TL;DR Articles published (almost) anywhere, reviews conducted on Hypothes.is, status and meta-data stored on the platform
The basic idea is that there is a platform similar to Reddit. Perhaps built using the open source Postmill.
- Authors submit articles as link submissions on the platform.
- On submission, the author also provides a text abstract and links to any connected data or code.
- Links can be to just about anywhere that is web accessible. Could use a preprint server or even just their personal blog.
- The comment section facilitates the peer-review process, but does not actually host the reviews.
- Instead the reviews are conducted through Hypothes.is.
- This keeps the reviews accessible should the platform go down and also ties them directly to the article, wherever it lives.

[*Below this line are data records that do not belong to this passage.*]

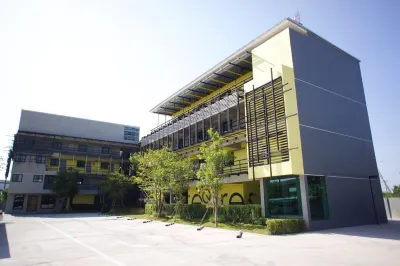 Elite Residence Phitsanulok Hotels near Rajamangala Institute of Technology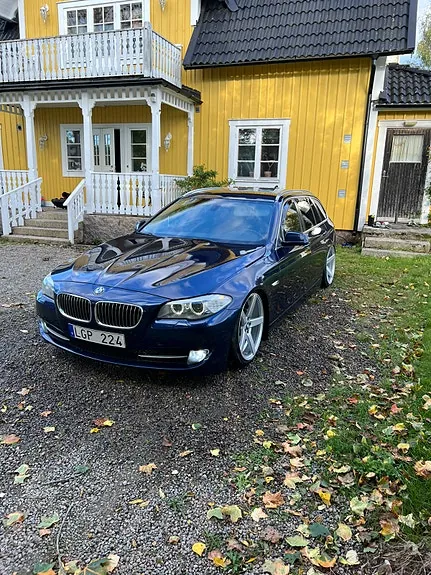 BMW 520D 2011 photo 2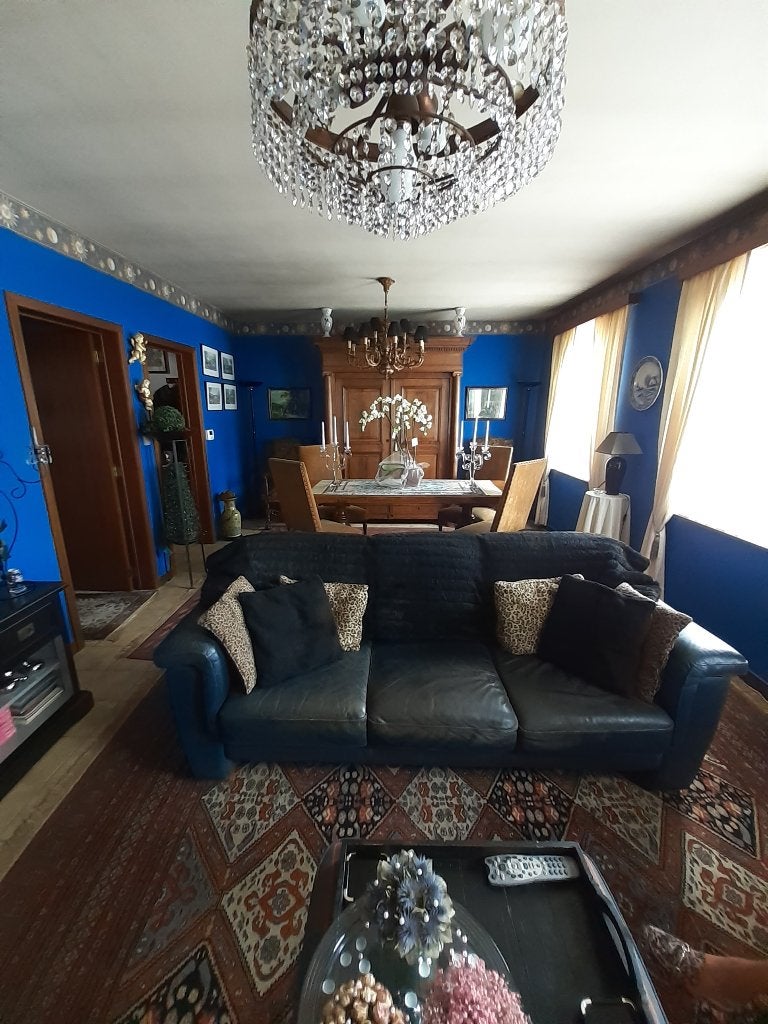 kast, tafel en stoelen, Antiek en Kunst, Ophalen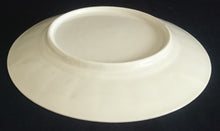 Lade das Bild in den Galerie-Viewer, 3er TEEGEDECK - Porzellan, Flora Rosenblumen Blüten Blatt Blätter Linien Relief Motiv Dekor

- If something like Postmill is used, the sub-community feature could allow disciplinary focus such as a sub-community for
mathematicsor something that allows for independent management.
- The author edits their document after the reviews are complete and notifies when this is done.

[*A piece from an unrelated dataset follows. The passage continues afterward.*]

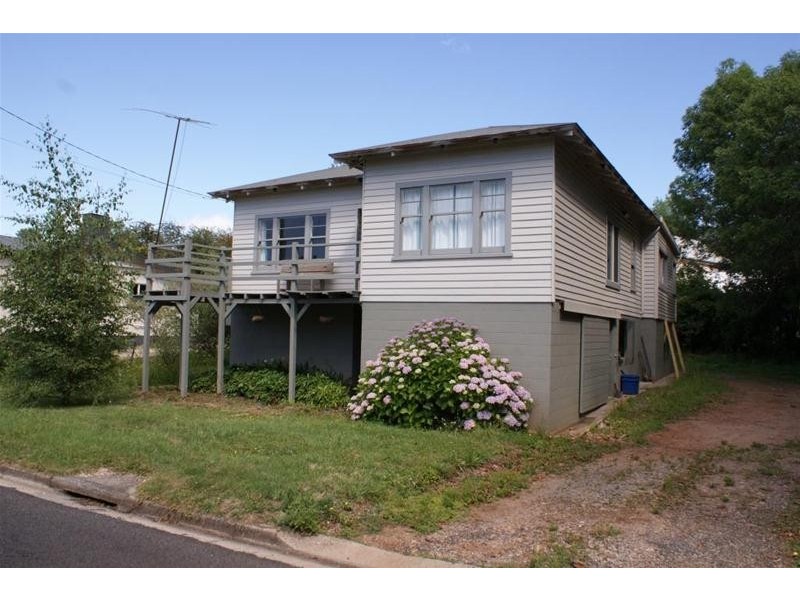 1 West Parade, Deloraine TAS 7304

It would be helpful to have a bot or two to deal with a few maintenance things. Similar to how JOSS has Whedon.
- An editor can be assigned and the editor can assign reviewers using the bot.
- When a new article is posted, the bot checks the URL. If the article host is not archival (ie. on Arxiv or a preprint server or a repository), then the bot submits it to Internet Archive to get a stable version and comments with this link.
- The bot creates a unique hashtag for use in Hypothes.is annotation and then embeds a Hypothes.is stream for that tag.
- Reviewers can provide their Hypothes.is username, then when they conduct their review, a separate Hypostes.is stream is created for the “official” reviews.
- After the article has been edited by the author. They notify the bot of the new version and this is archived as necessary.
- Reviewers can indicate their review status to the bot (ie. accept, revise, etc.).
- Once both reviewers accept, the bot can record the “final” version and grab a DOI.